O general Del Castillo diz que o cerco exercido pelo governo peruano, em conjunto com os Estados Unidos, levou as organizações narcotraficantes a mudarem sua estratégia de ação.
Ele explica que o Peru é, tradicionalmente, fornecedor de pasta-base de coca para os laboratórios da Colômbia. A pasta-base é um estágio intermediário da industrialização da folha de coca, que precede o refino.
Antes do cerco, iniciado em 96, a pasta-base seguia diretamente para a Colômbia, por aviões. Com o risco de abatimento das aeronaves, os traficantes passaram a levar a droga por barcos até a fronteira com o Amazonas e o Acre, onde é apanhada por pilotos brasileiros e levada para a Colômbia.

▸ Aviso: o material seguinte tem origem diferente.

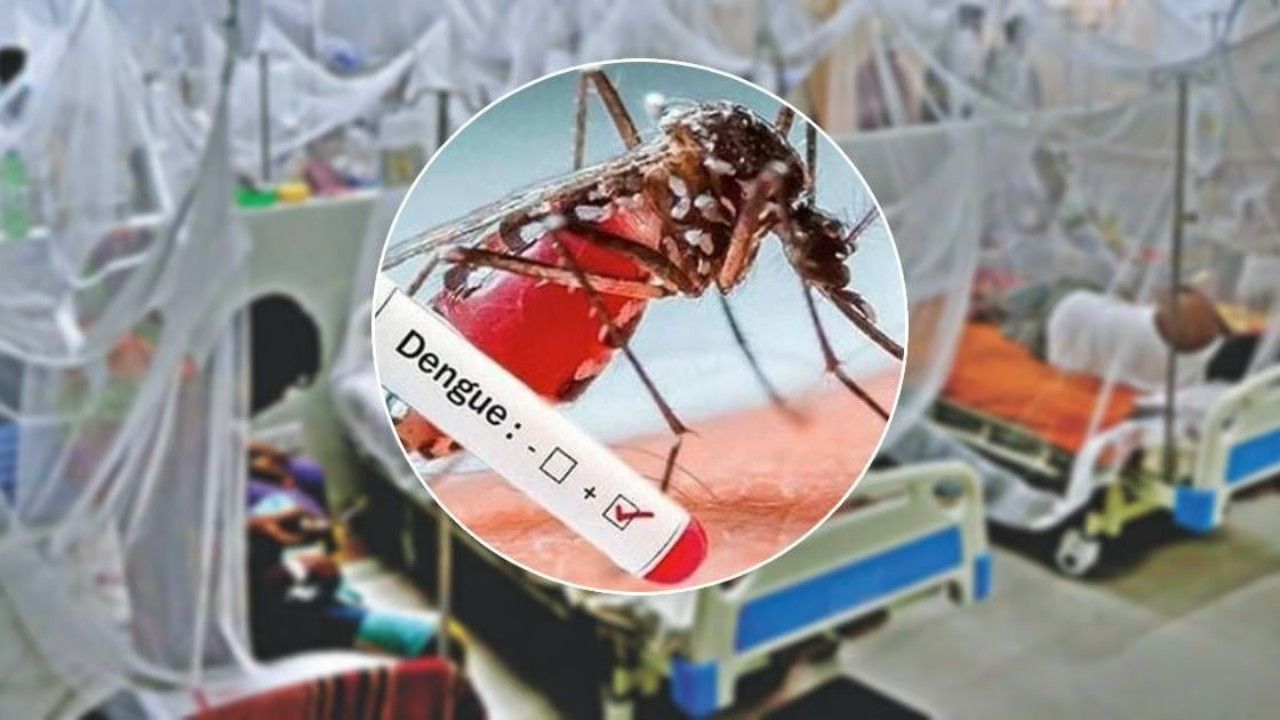 ডেঙ্গুতে আরও ৩ মৃত্যু, হাসপাতালে ভর্তি ১৪৬৩ জন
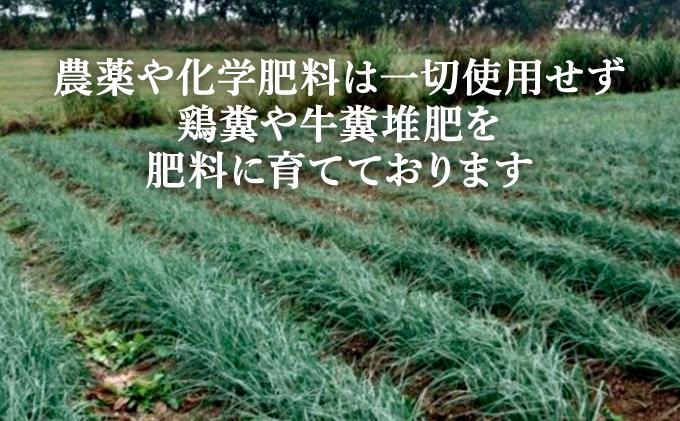 ≪2026年2月下旬～5月下旬発送≫採れたて島らっきょう 500g 【 沖縄県 石垣市 野菜 らっきょう 島らっきょう おつまみ 採れたて 料理 漬物 天ぷら おかぴ農園 産地直送 】OK-01 50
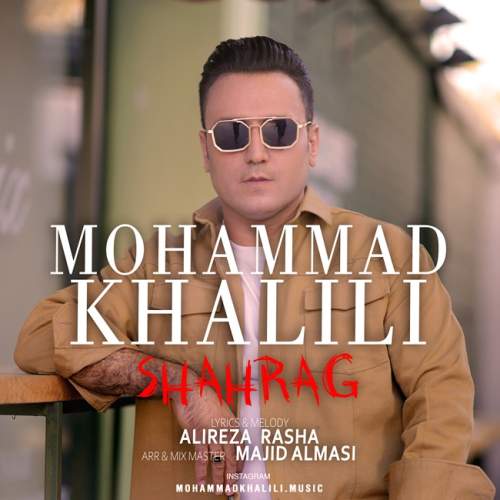 محمد خلیلی شاهرگ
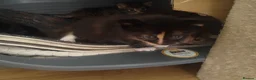 Mixed Breed cats for sale: 4 gorgeous little kitten looking for homes  - Advert 33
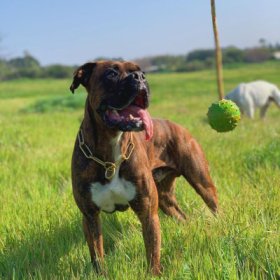 ワンチャンのコートに優しいチョークチェーンカラー　クロガン製　4mm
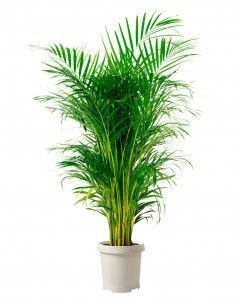 Хризалидокарпус Арека 40/190 см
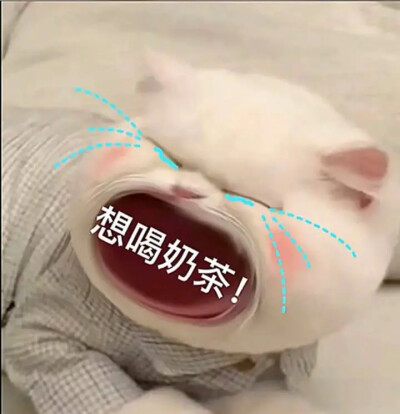 小猫表情包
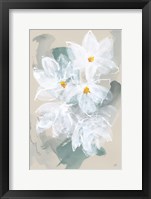 Narcissus I Framed Print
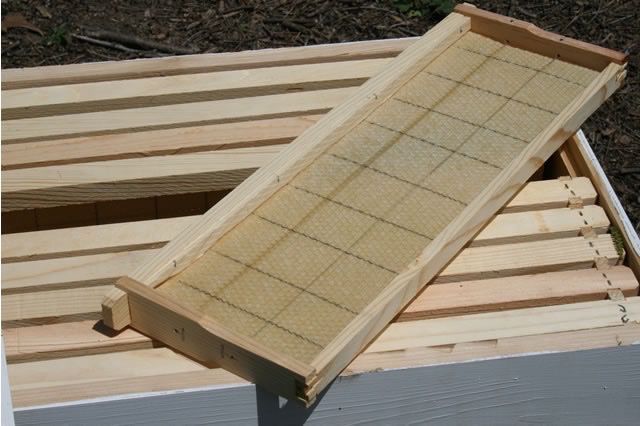 Medium Frame w/ Beeswax Foundation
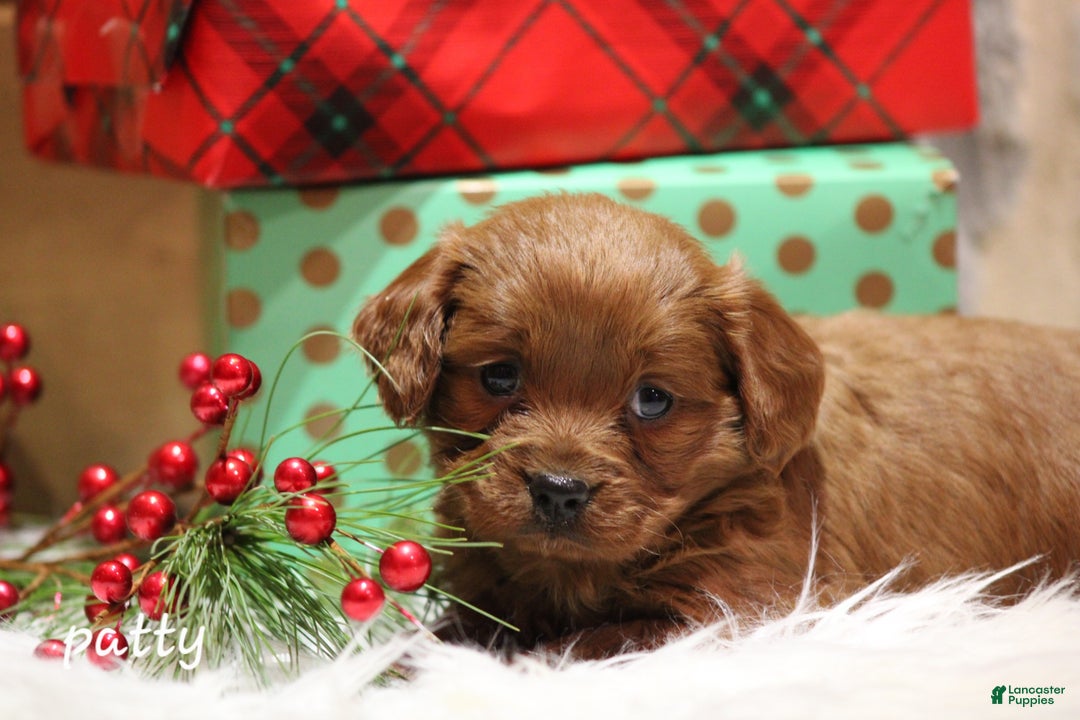 Cavapoo dogs for sale: Patty - Ad 3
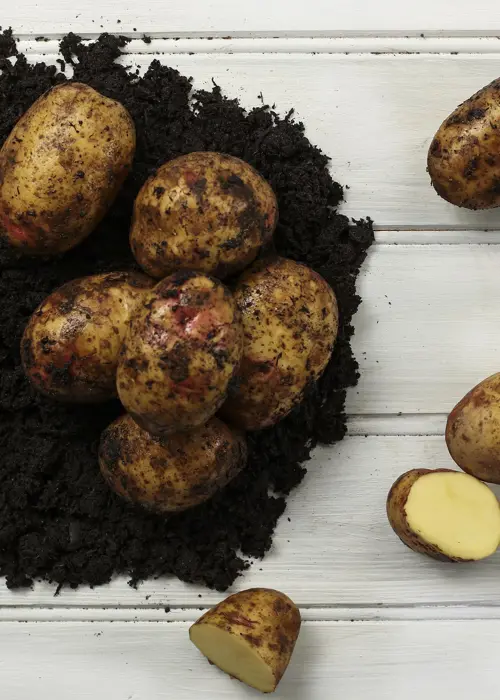 A photo of Seed Potato Picasso 2kg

A segunda rota é o Equador, que se tornou um corredor no transporte da pasta-base do Peru para a Colômbia, semelhante ao Brasil.
O general diz que a política de combate ao narcotráfico no país é definida pelo governo peruano e que os norte-americanos dão apenas suporte às suas ações, que são traçadas pela Dinandro e pelo Serviço de Inteligência, ligado à Presidência da República.
""Não há interferência. Somos um país soberano", afirmou.
Ele diz que as polícias do Brasil, Peru, Bolívia, Colômbia e Equador estão agindo juntas para enfrentar as organizações de tráfico de cocaína na região amazônica e, na avaliação dele, o Brasil vem assumindo uma posição de liderança nesse campo. Segundo o general, cem aviões de traficantes foram apreendidos nos últimos anos como resultado da ação conjunta desses países.
A repressão nas fronteiras tem levado a uma sofisticação do narcotráfico no Peru. Segundo o general, as organizações, que antes se limitavam a produzir a pasta-base no país, estão montando laboratórios de refino próximos a Lima, na costa do Pacífico.
Com a atividade mais produtiva (o refino) ficando no país, o Peru vem se tornando também um país de lavagem de dinheiro do narcotráfico.
Segundo o general, o valor de bens apreendidos em poder de narcotraficantes triplicou nos últimos três anos, passando de US$ 8 milhões em 1997 para US$ 24 milhões no ano passado.